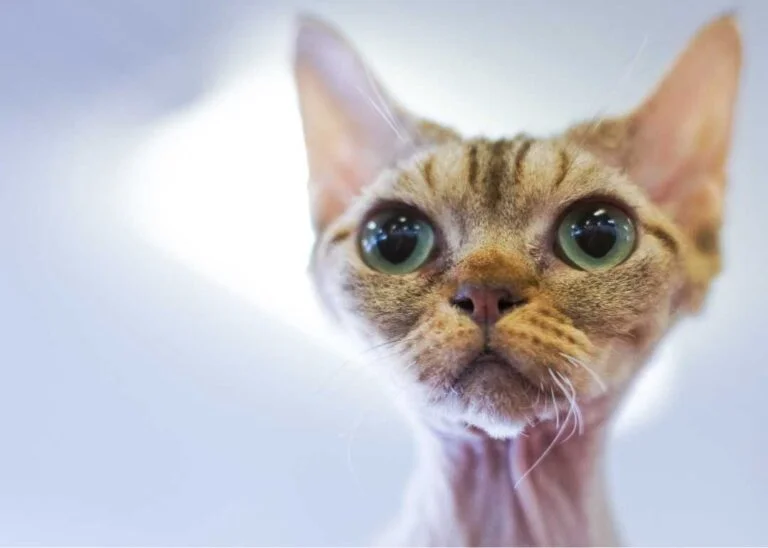 Ankara Veteriner Pet Kuaför Hizmetleri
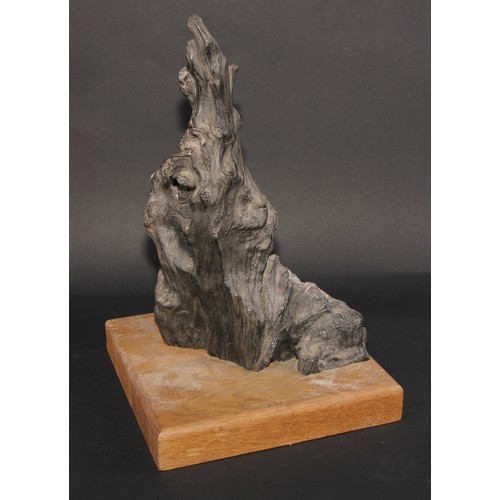 790 - Natural History - a section of Irish bog oak, mounted for display, 41cm high overall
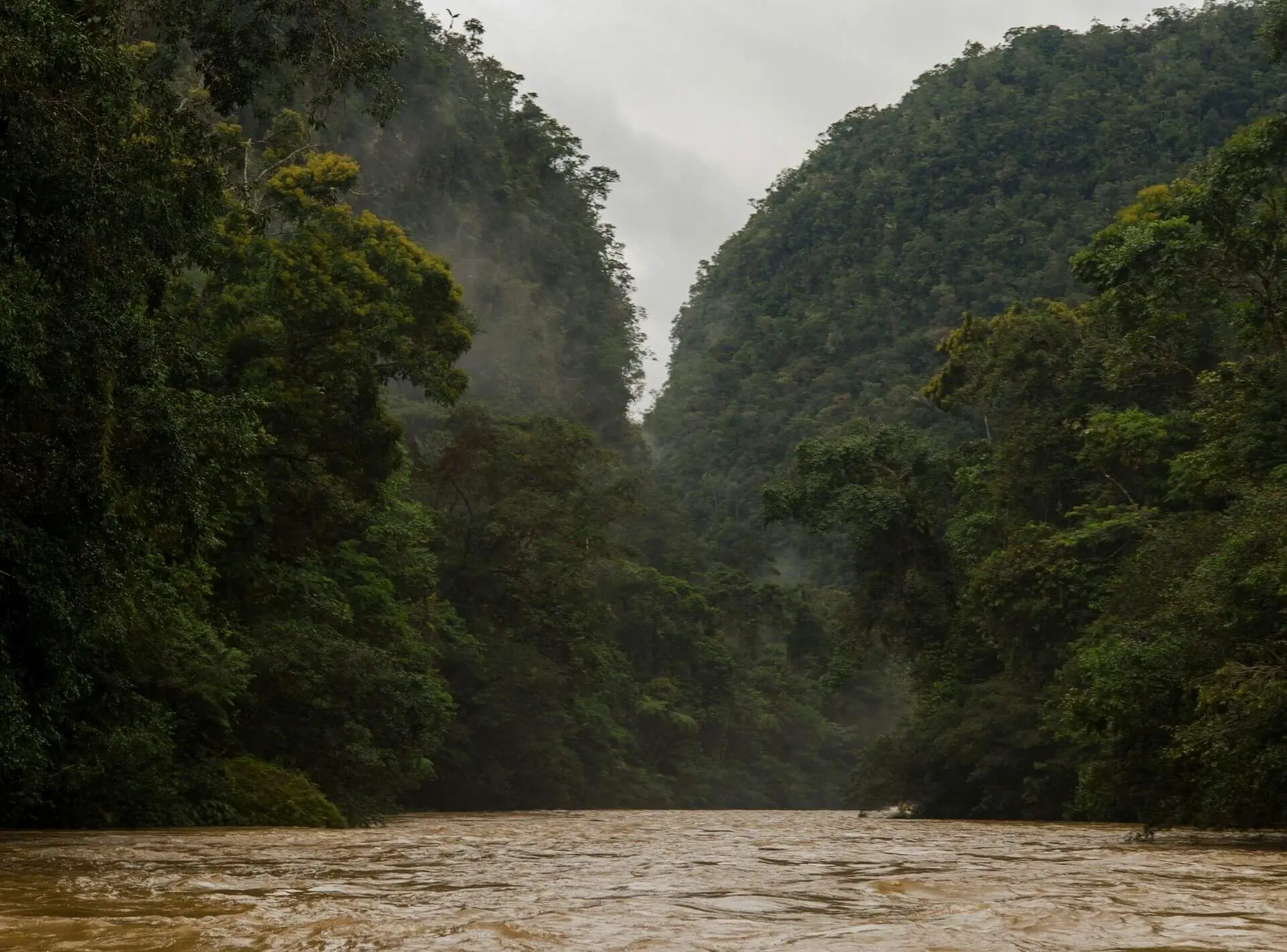 Pastaza rainforest, one of the three provinces protected with this proposal.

EXERCISE DETAILS: Leaving the pictures out, output the material exactly as it appears.

COMPLETED TASK:
 Ankara Veteriner Pet Kuaför Hizmetleri
 790 - Natural History - a section of Irish bog oak, mounted for display, 41cm high overall
 Pastaza rainforest, one of the three provinces protected with this proposal.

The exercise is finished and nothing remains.